Royce was famously picked over Rickson to compete in UFC 1 and represent Gracie Jiu-Jitsu.

The explanation being Royce was the smaller fighter, helping to prove that Jiu-Jitsu was the most effective form of combat.

Though rumors spread that Royce was chosen because Rickson recently opened his own school, creating conflict in the family. 

Rickson’s first two fights were prior to UFC 1 in the 80’s, but it wasn’t until 1994 that he would start fighting consistently. 

Competing in Vale Tudo Japan and Pride FC, he showed his dominance by retiring 11-0 with his last fight in 2000. 

2. Philip Miller 16-0

Coming in second is former UFC fighter, Phillip Miller, who beat future veterans like Mark Weir and Jake Shields. 

Miller first learned wrestling in high school and once graduating he met UFC contender Joe Stevenson. 

They quickly became training partners and although Miller only competed from 2000 to 2003; he amassed a 16-0 record, 10 wins coming by KO. 

His record includes several same-day tournaments, of which he won. 

Miller now works as an officer in the LAPD, with no regrets of leaving the sport early. 

1. Khabib Nurmogomedov 29-0

Khabib Nurmagomedov
Olympic.uz, CC BY 4.0, via Wikimedia Commons

The Eagle, Khabib, trained out of AKA (American Kickboxing Academy) and is widely known for introducing the Dagestani-style of wrestling to the world.

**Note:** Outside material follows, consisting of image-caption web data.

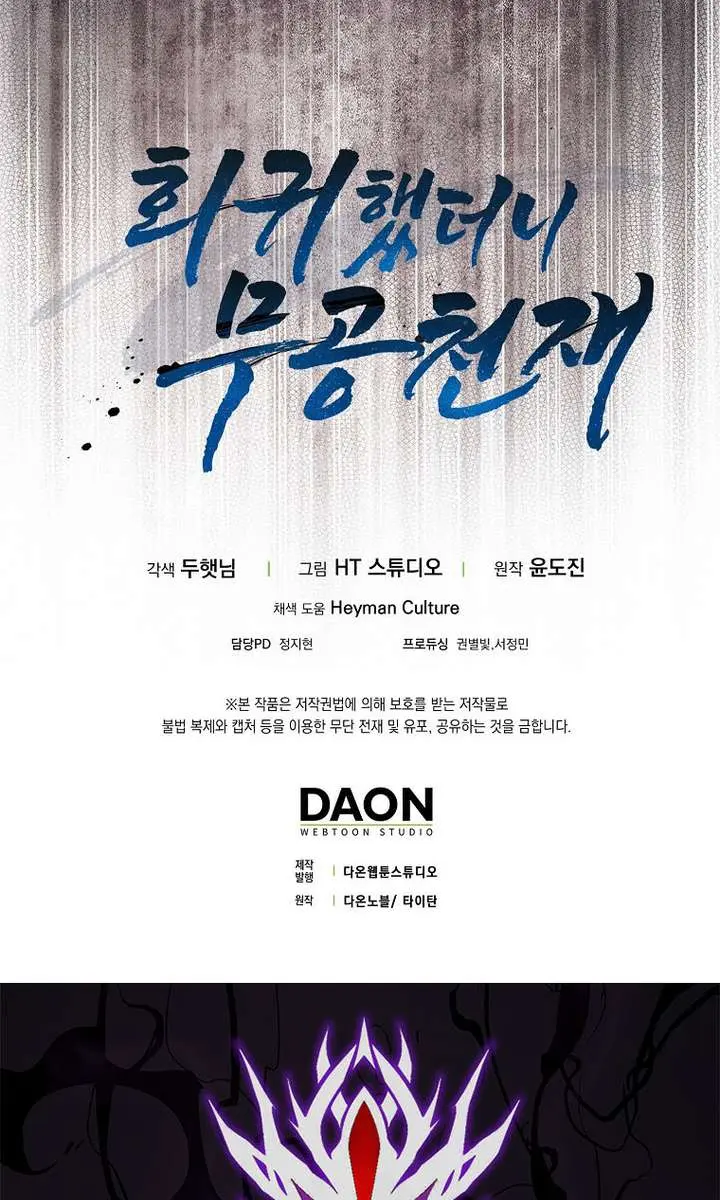 Return of the Martial Arts Genius Chapter 128 Page 132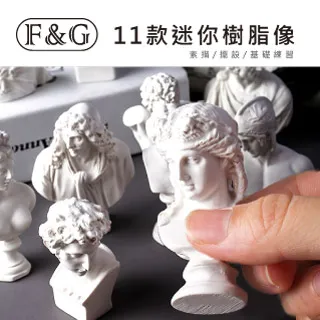 F&G 伸縮筆洗筒 單個入 - 大 FGPW115 歷史價格詳細信息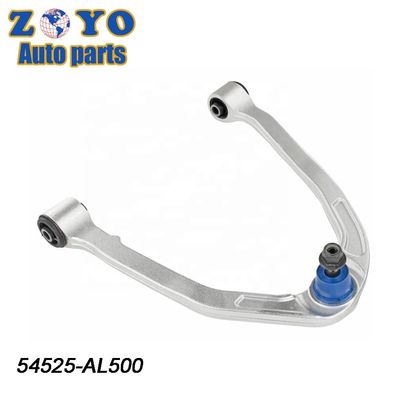 Части подвески для Nissan 350Z 2003-2009 0220-065 Верхняя регулируемая ручка управления
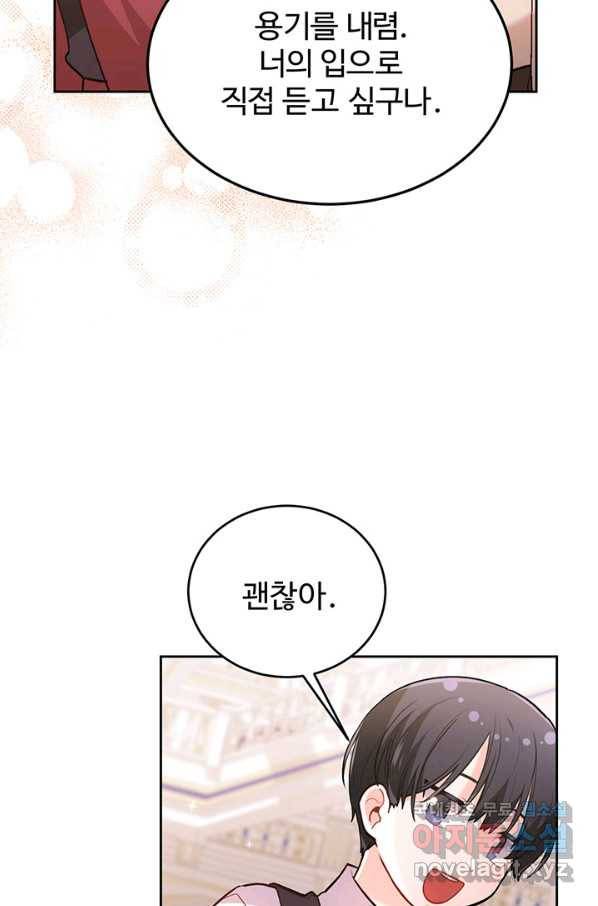 한 줄짜리 영애였을 터 126화 62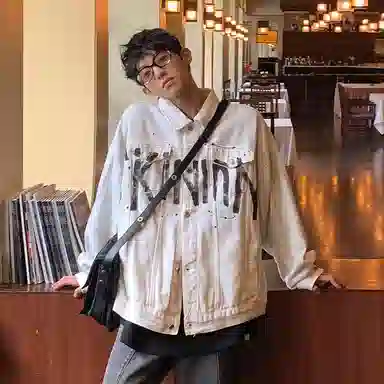 GOYN Graffiti Denim Jacket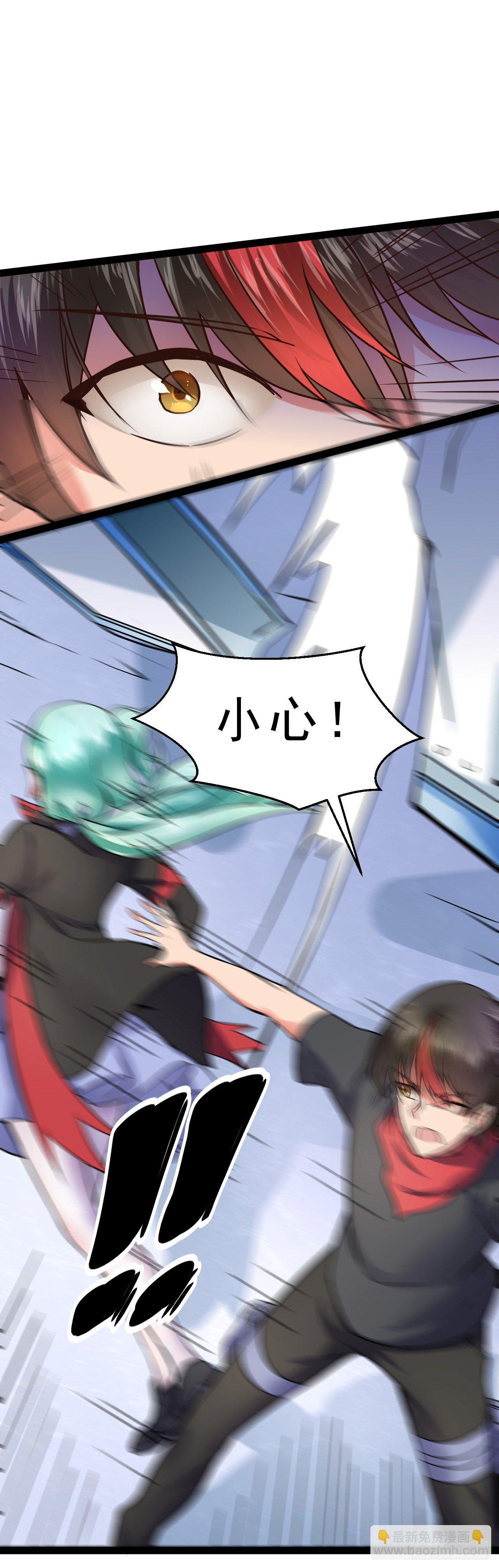 有资格了吗？-第28话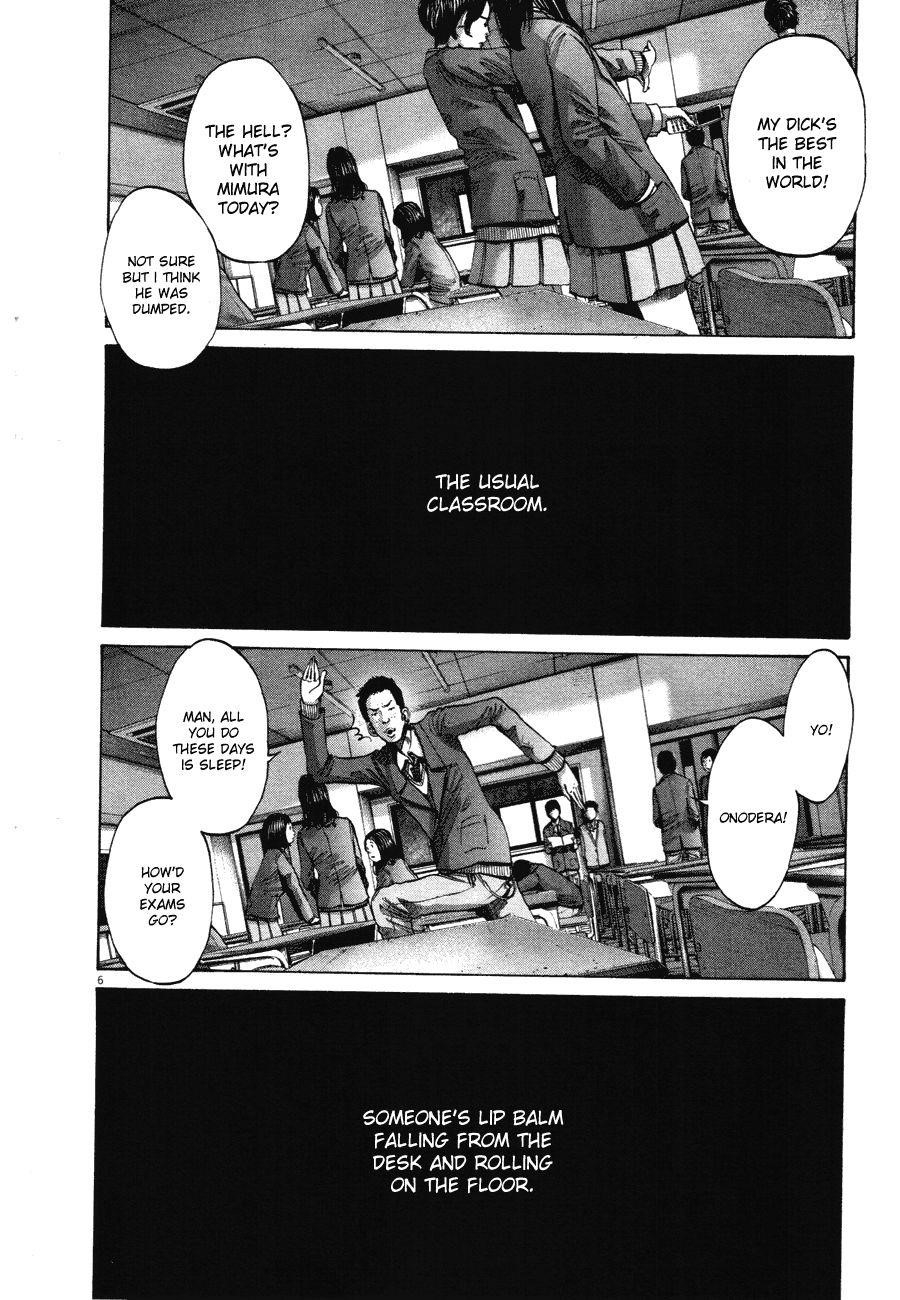 Page 7 of Chapter 70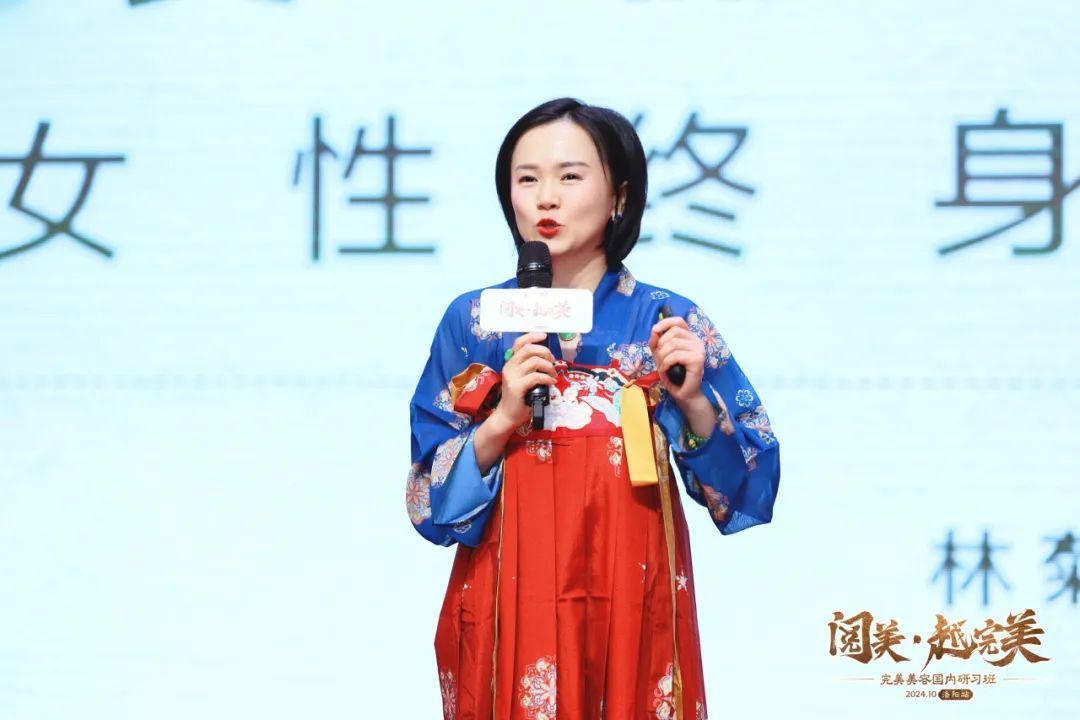 阅美•越完美 | 完美美容国内研习班洛阳站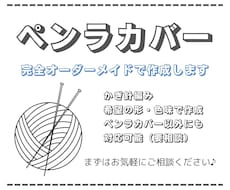 かぎ針編みでペンライトカバー作ります オーダーメイドのため誰とも被りません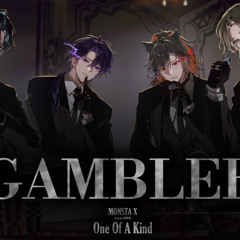 몬스타엑스_커버용_가이드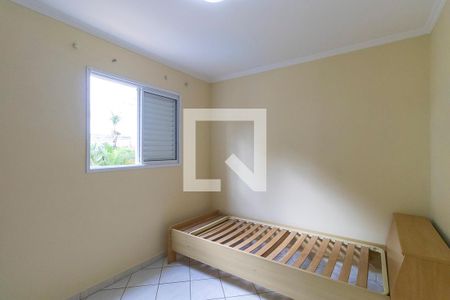 Quarto 1 - Suíte  de apartamento para alugar com 2 quartos, 60m² em Mansões Santo Antônio, Campinas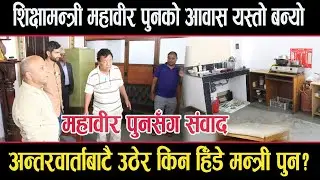 यस्तो छ शिक्षामन्त्री महावीर पुनको आवासः अन्तरवार्ताबाटै उठेर महावीरले भने, यसो गर्न मिल्दैनmahabir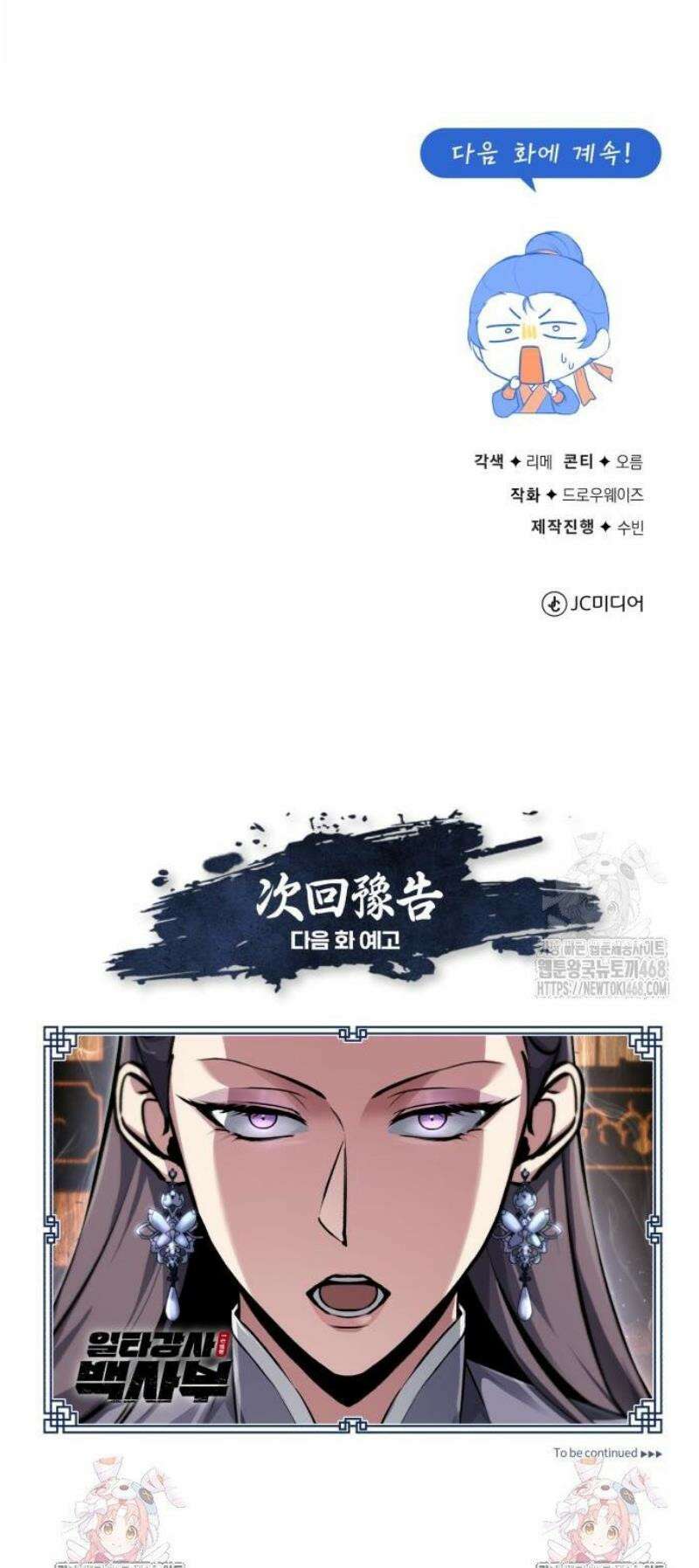 일타강사 백사부 141화 : 진로 상담 좀 할까? 73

He won the vacant UFC Lightweight Title by defeating Al Iaquinta and went on to defend it against top contenders like Dustin Poirier, Justin Gaethje and Conor McGregor.

Khabib promised his mother to retire from MMA after the loss of his father. He vacated the belt during his prime and at the height of his popularity. 

Khabib ensured Dagestan was still prominent in the world of MMA, by helping his teammates, like Islam Makhachev, secure belts in both Bellator and the UFC.

The Eagle had incredible success in both fighting and coaching; and in retirement now spends most of his time with family.